_RECORDS FOR THE EXERCISE:_
※

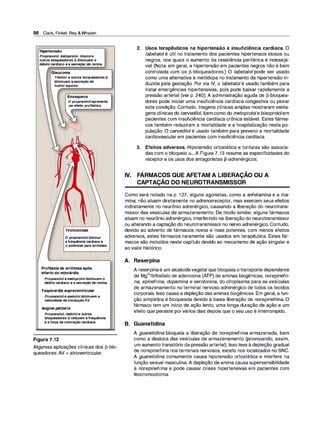 96 Clark, Finkel, Rey &Whalen
Hipertensão
Propranolol, metoprolol, timo/oie
outros bloqueadores 13 diminuem o
débito cardíaco e a secreção de renina.
Glaucoma
Timo/o/ e outros bloqueadores 13
diminuem a secreção de
humor aquoso.
Enxaqueca
O propranololapresenta
um efeito profilãtico.
I
e;
Tirotoxicose
O proprano/oldiminui
a frequência cardíaca e
o potencial para arritmias.
Profilaxiadearritmiasapós
infartodomiocárdio
Proprano/ol e metopro/oldiminuem o
débito cardíaco e a secreção de renina.
Taquicardiasupraventricular
Proprano/ole esmolo/diminuem a
velocidade de condução AV.
Anginapectoris
Proprano/ol, nado/o/e outros
bloqueadores 13 reduzem a frequência
e a força de contração cardíaca.
Figura 7.12
Algumas aplicações clínicas dos �-blo­
queadores. AV = atrioventricular.
2. Usos terapêuticos na hipertensão e insuficiência cardíaca. O
/abetalol é útil no tratamento dos pacientes hipertensos idosos ou
negros, nos quais o aumento da resistência periférica é indesejá­
vel. (Nota: em geral, a hipertensão em pacientes negros não é bem
controlada com os �-bloqueadores.) O labetalol pode ser usado
como uma alternativa à metildopa no tratamento da hipertensão in­
duzida pela gestação. Por via IV, o labetalol é usado também para
tratar emergências hipertensivas, pois pode baixar rapidamente a
pressão arterial (ver p. 240). A administração aguda de �-bloquea­
dores pode iniciar uma insuficiência cardíaca congestiva ou piorar
esta condição. Contudo, triagens clínicas amplas mostraram vanta­
gens clínicas do carvedilo/, bem como do metoprolole bisopro/oiem
pacientes com insuficiência cardíaca crônica estável. Estes fárma­
cos também reduziram a mortalidade e a hospitalização nesta po­
pulação. O carvedilol é usado também para prevenir a mortalidade
cardiovascular em pacientes com insuficiência cardíaca.
3. Efeitos adversos. Hipotensão ortostática e tonturas são associa­
das com o bloqueio c:x1• A Figura 7.13 resume as especificidades do
receptor e os usos dos antagonistas �-adrenérgicos.
IV. FÁRMACOS QUE AFETAM A LIBERAÇÃO OU A
-
CAPTAÇAO DO NEUROTRANSMISSOR
Como será notado na p. 1 27, alguns agonistas, como a anfetamina e a tira­
mina, não atuam diretamente no adrenorreceptor, mas exercem seus efeitos
indiretamente no neurônio adrenérgico, causando a liberação do neurotrans­
missor das vesículas de armazenamento. De modo similar, alguns fármacos
atuam no neurônio adrenérgico, interferindo na liberação do neurotransmissor
ou alterando a captação do neurotransmissor no nervo adrenérgico. Contudo,
devido ao advento de fármacos novos e mais potentes, com menos efeitos
adversos, estes fármacos raramente são usados em terapêutica. Estes fár­
macos são incluídos neste capítulo devido ao mecanismo de ação singular e
ao valor histórico.
A. Reserpina
A reserpina é um alcaloidevegetal que bloqueia otransporte dependente
de Mg
2
+/trifosfato de adenosina (ATP) de aminas biogênicas, norepinefri­
na, epinefrina, dopamina e serotonina, do citoplasma para as vesículas
de armazenamento no terminal nervoso adrenérgico de todos os tecidos
corporais. Isso causa a depleção das aminas biogênicas. Em geral, a fun­
ção simpática é bloqueada devido à baixa liberação de norepinefri
na. O
fármaco tem um início de ação lento, uma longa duração de ação e um
efeito que persiste porvários dias depois que o seu uso é interrompido.
B. Guanetidina
A guanetidina bloqueia a liberação de norepinefrina armazenada, bem
como a desloca das vesículas de armazenamento (provocando, assim,
um aumento transitório da pressão arterial). Isso leva à depleção gradual
de norepinefrina nos terminais nervosos, exceto nos localizados no SNC.
A guanetidina comumente causa hipotensão ortostática e interfere na
função sexual masculina. A depleção da amina causa supersensibilidade
à norepinefrina e pode causar crises hipertensivas em pacientes com
feocromocitoma.
 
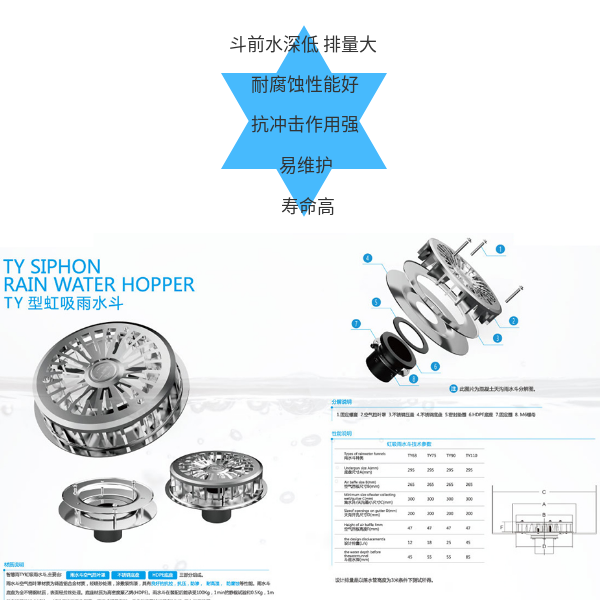 虹吸雨水斗和87雨水斗 智慧雨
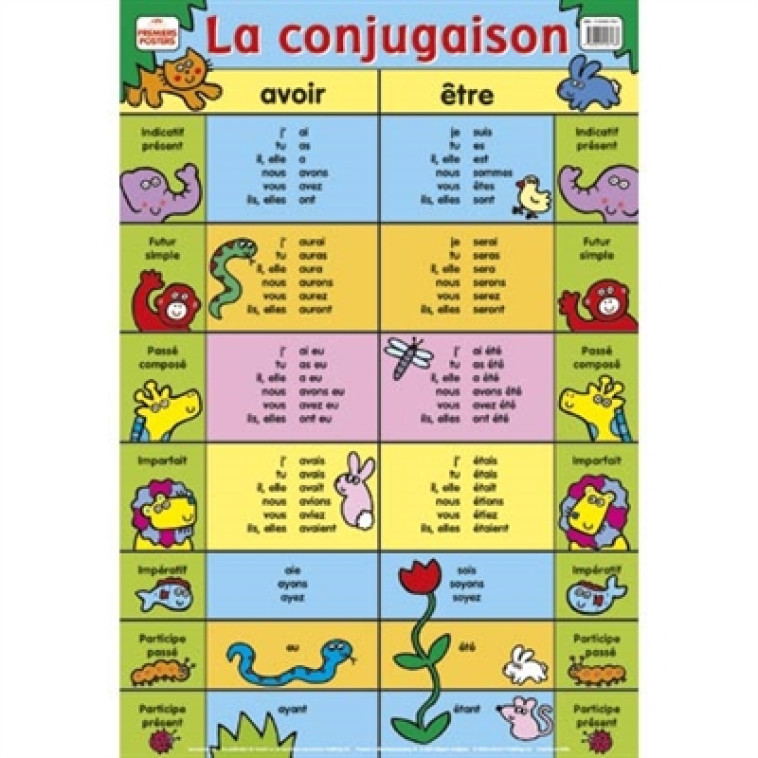 POSTERS RECTO VERSO/LA CONJUGAISON SOLDE -30 - PICCOLIA - Piccolia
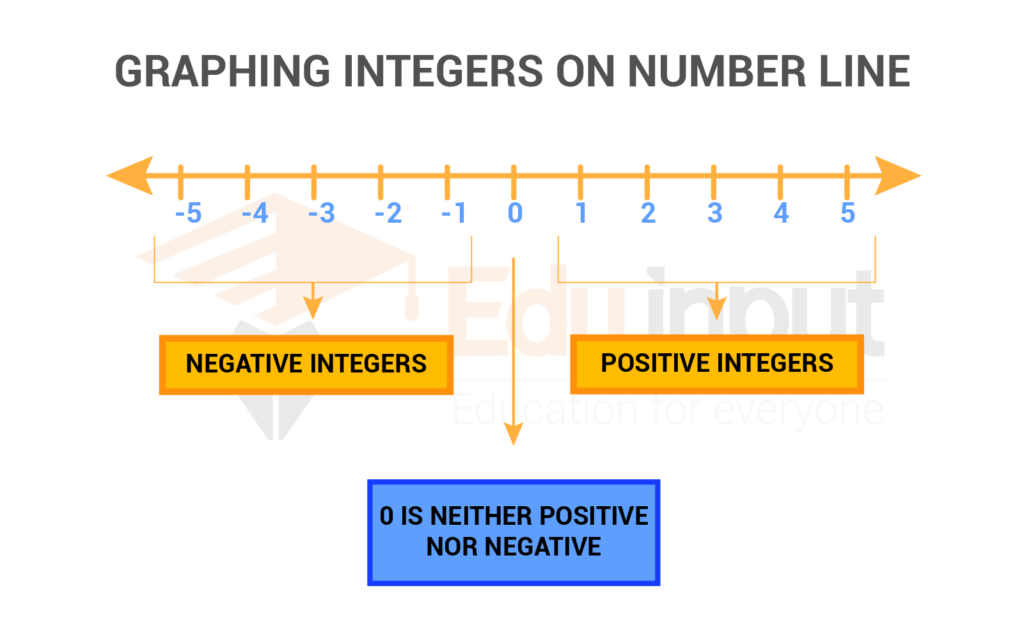 feature image of graphing on number line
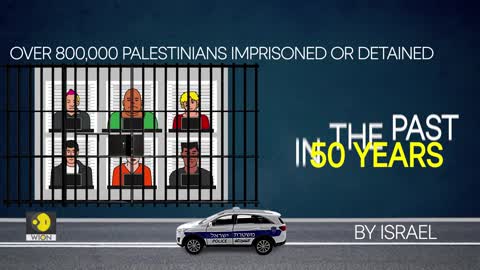 How many Palestinian prisoners are being held by Israel?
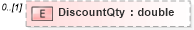 XSD Diagram of DiscountQty in schema mailxml_120308_xsd (Mail.XML - Mailing supply chain)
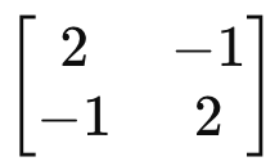 3. Least Square Problem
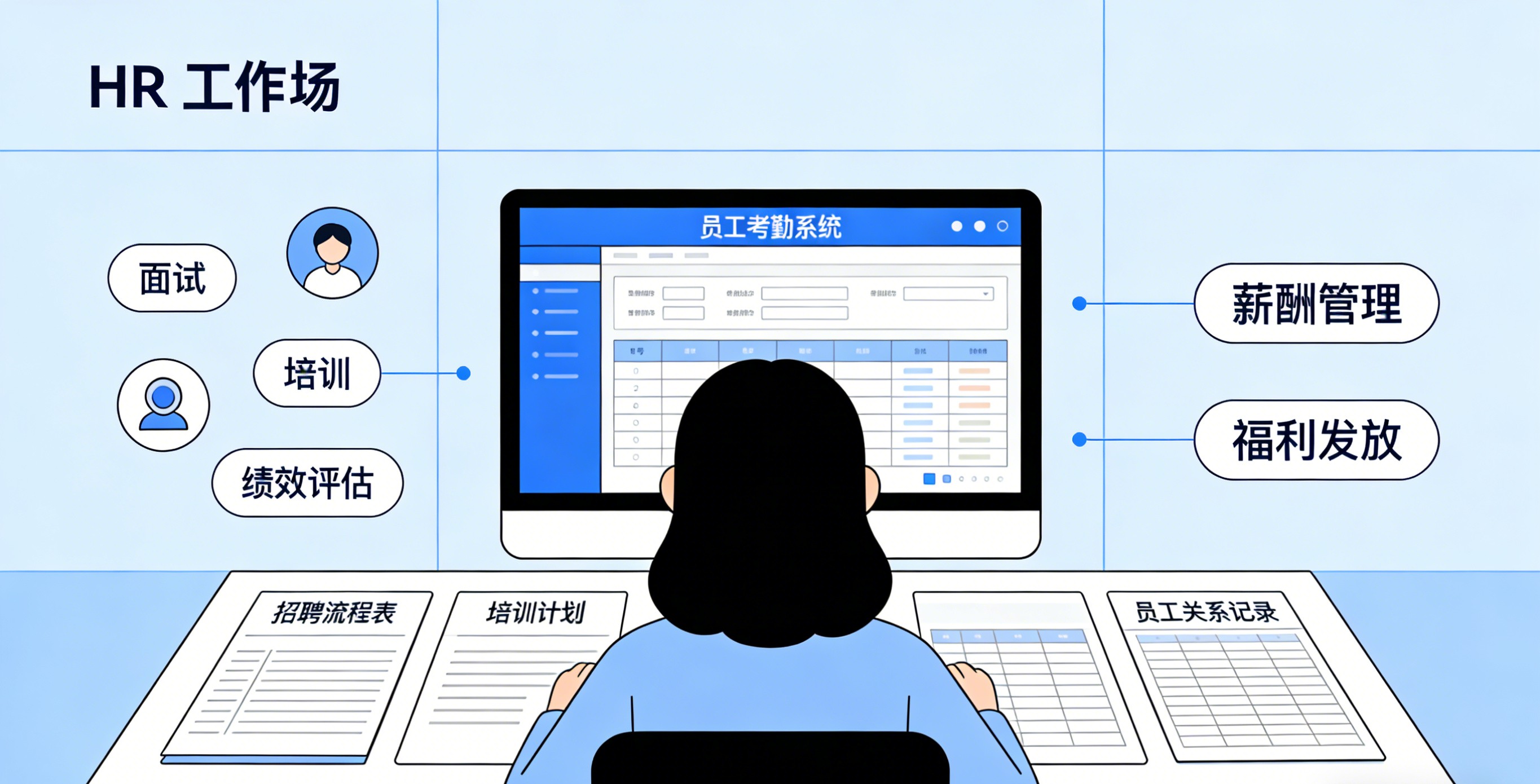 考勤薪酬管理系统：为什么你的HR团队总在月底加班？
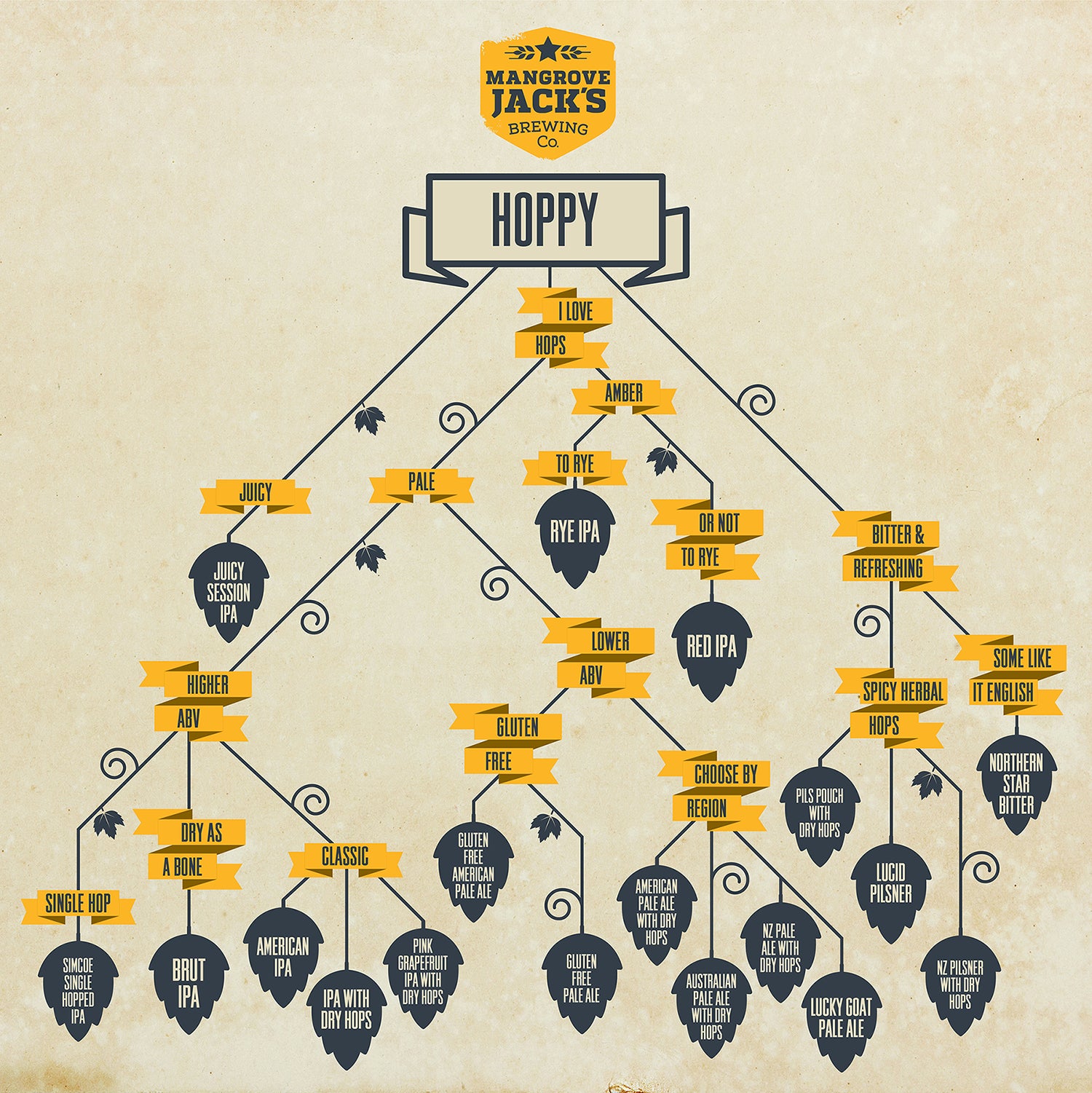 Mangrove Jack's Hoppy Beers - All Things Fermented | Home Brew Supplies Shop Wellington Kapiti NZ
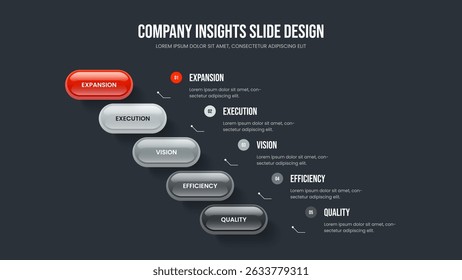 Product Campaign 5 Element Diagram Frame Template. Investor Performance Presentation Design Vector Illustration. Market Solution Five Option Infographic Slideshow Layout.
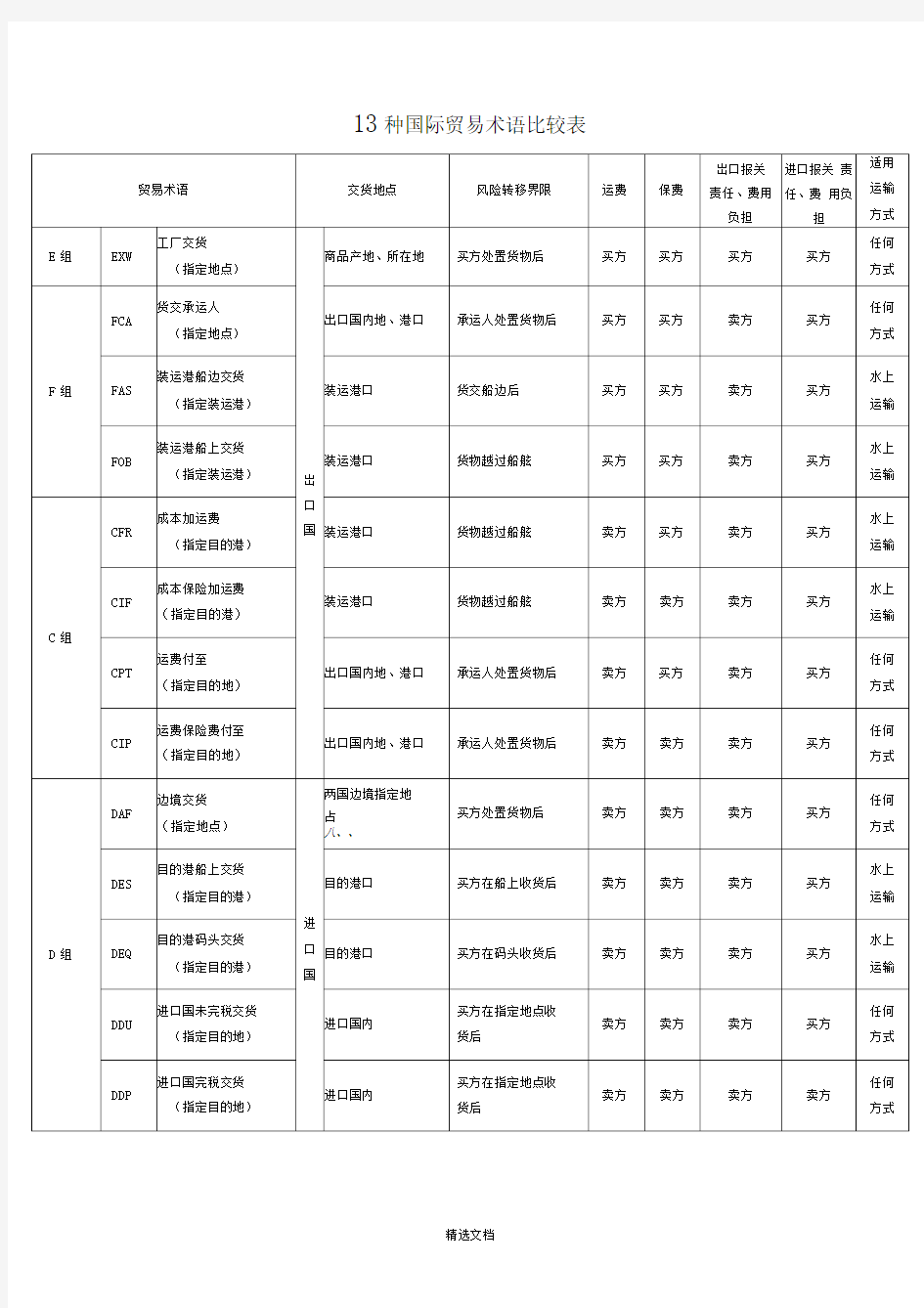 13种国际贸易术语比较表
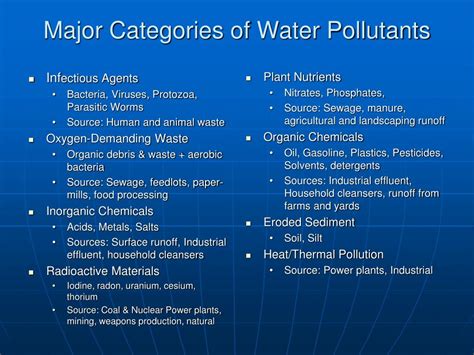 Ppt Water Pollution Powerpoint Presentation Free Download Id1110361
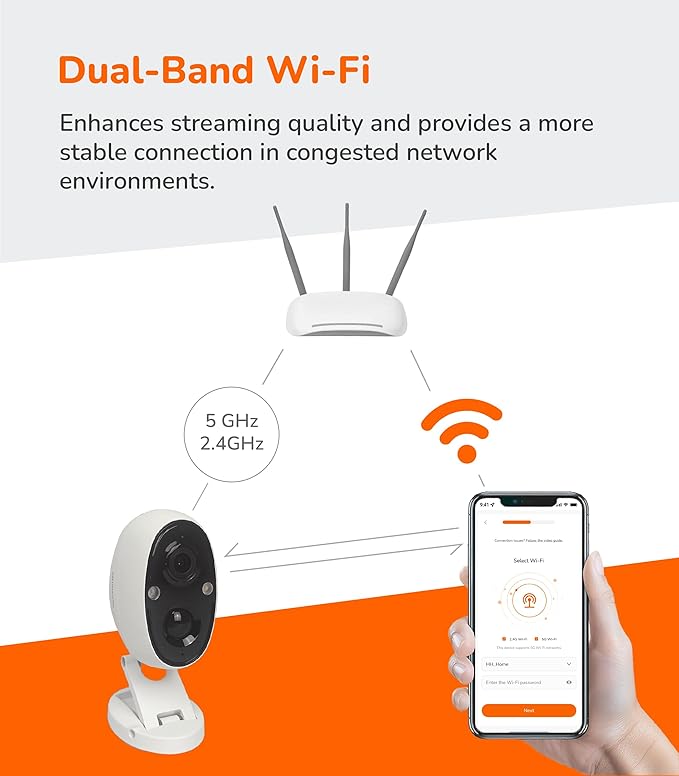 Sensforge 2.5K Indoor Outdoor Battery Camera - Image 7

※

_WHAT THE TASK ASKS:_
Your task is to restate, word for word, only those lines above that fall between the line holding "O propranololapresenta" and the line holding "Anginapectoris", inclusive.

_FINAL ANSWER:_
O propranololapresenta
um efeito profilãtico.
I
e;
Tirotoxicose
O proprano/oldiminui
a frequência cardíaca e
o potencial para arritmias.
Profilaxiadearritmiasapós
infartodomiocárdio
Proprano/ol e metopro/oldiminuem o
débito cardíaco e a secreção de renina.
Taquicardiasupraventricular
Proprano/ole esmolo/diminuem a
velocidade de condução AV.
Anginapectoris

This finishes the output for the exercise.